July 11, 2025
Day 34 -Building the 2D CNN Model for ECG Spectrogram Classification
What I Learned
Today, I officially began working on the 2D Convolutional Neural Network (2D CNN) model for ECG signal classification using spectrogram images generated from the PTB-XL dataset. This marks the next phase of the project, shifting from 1D time-series and frequency-domain models to image-based deep learning approaches. The first part of the day was focused on reviewing the spectrogram preprocessing pipeline to ensure the input data was correctly formatted and normalized for the CNN. I confirmed the resolution, dimensions, and color channels of the spectrogram images, and verified that the labels were correctly aligned with each image. After that, I began building the initial 2D CNN architecture using PyTorch.
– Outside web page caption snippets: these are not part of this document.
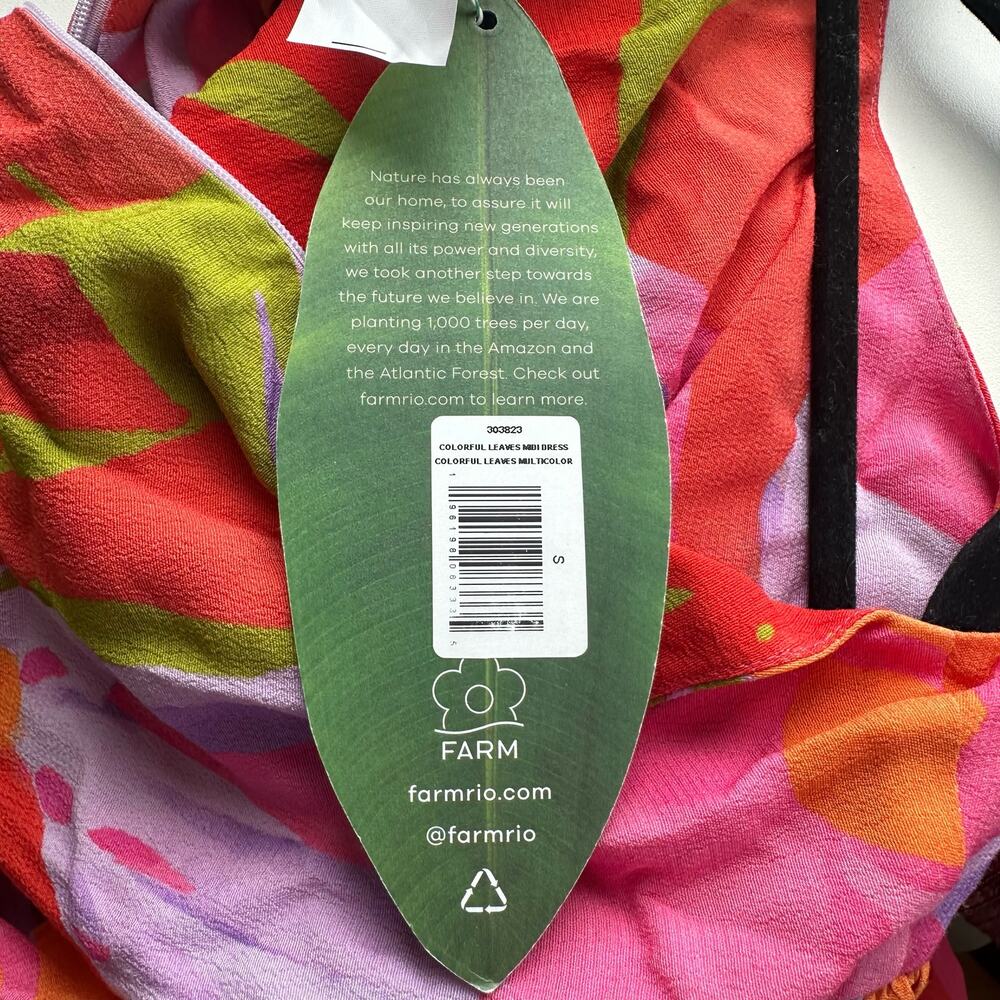 Farm Rio Colorful Leaves Cutout Midi Dress Small NWT - Picture 5 of 13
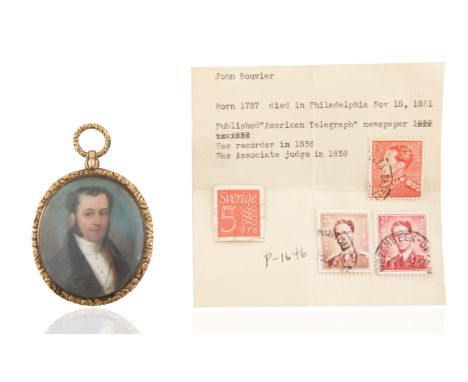 ENAMEL PORTRAIT OF JOHN BOUVIER (AMERICAN 1787-1851) ACCOMPANIED BY FOUR STAMPSpainted porcelain enamel portrait of John Bouv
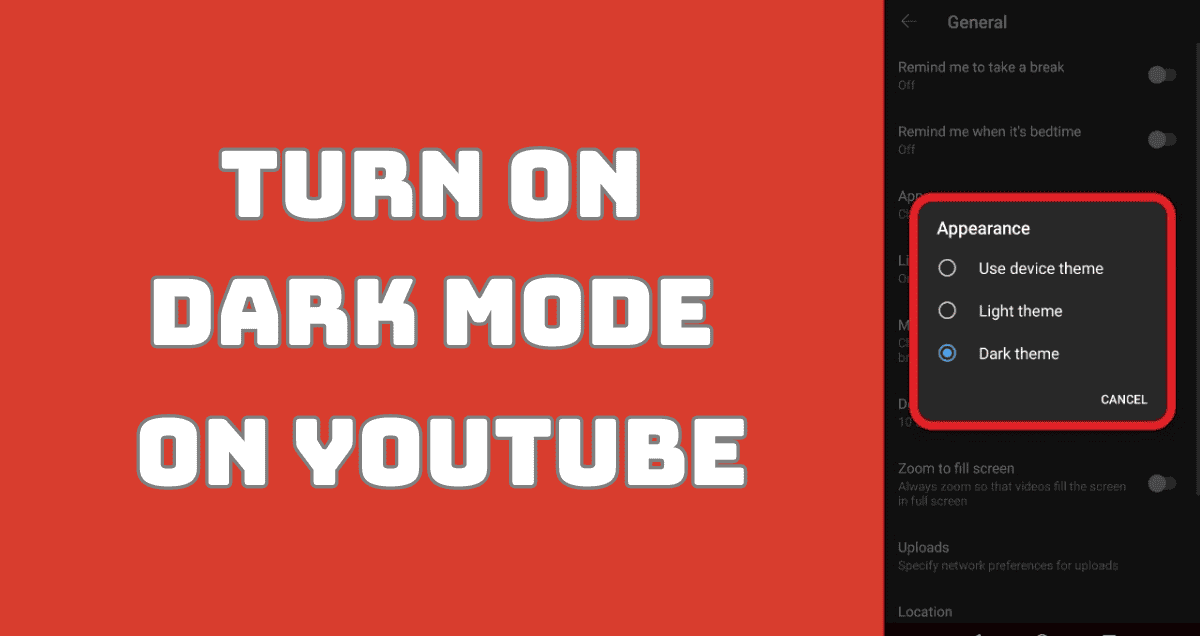 Turn On Dark Mode on YouTube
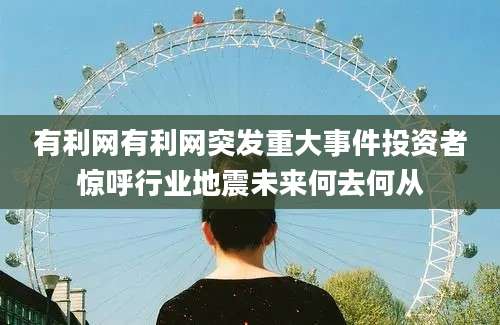 有利网有利网突发重大事件投资者惊呼行业地震未来何去何从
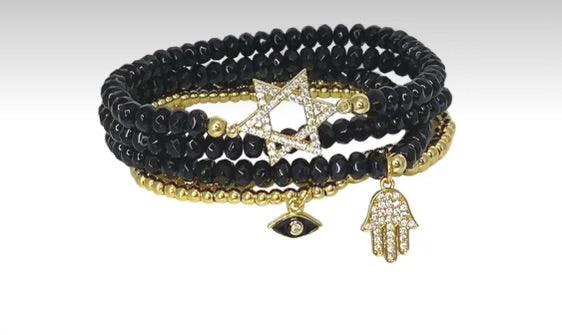 Jewish Star Stack of Bracelets - JewelsDen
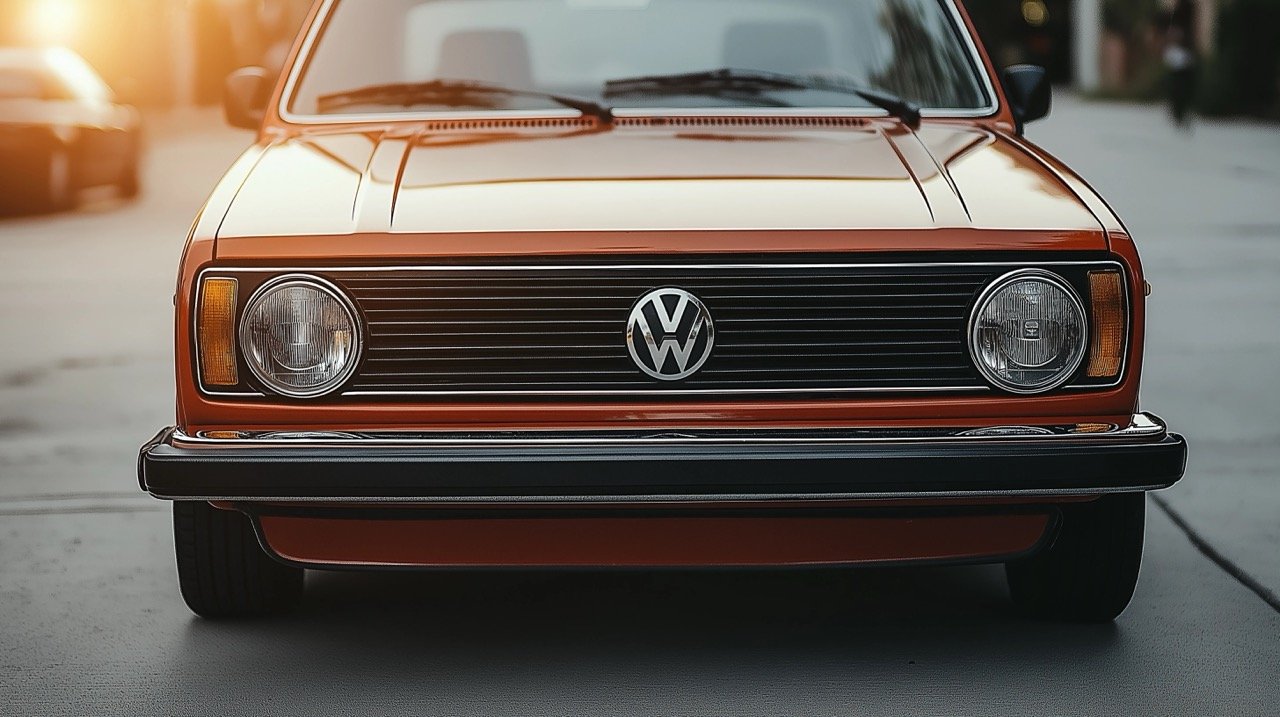 Close-Up of Front End of VW Golf MK1, Summer Vibe with Classic German Automotive Design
The architecture currently includes multiple convolutional and max-pooling layers, ReLU activation functions, and dropout for regularization. I also added flattening and fully connected layers to support classification across the five target ECG categories.
Blockers
No blockers.
Reflection
Today marked the beginning of my work on the 2D CNN model for ECG classification, and it felt like stepping into a new chapter of the project. After weeks of working with 1D time-series and frequency-domain data, switching to image-based learning using spectrograms pushed me to think differently — more like a computer vision task than a traditional signal processing one. I spent the first part of the day making sure the spectrogram images were clean, properly shaped, and correctly labeled. It was a reminder of how crucial data preparation is, especially in medical AI where even small misalignments can skew results. Once I had the data ready, I moved on to building the initial CNN architecture in PyTorch. I started simple: convolutional and pooling layers, ReLU activations, dropout, and a fully connected output layer. As I built, I found myself comparing different architectural styles — from classic VGG blocks to more modern ResNet ideas — and asking myself what balance of complexity and performance made sense for our dataset size.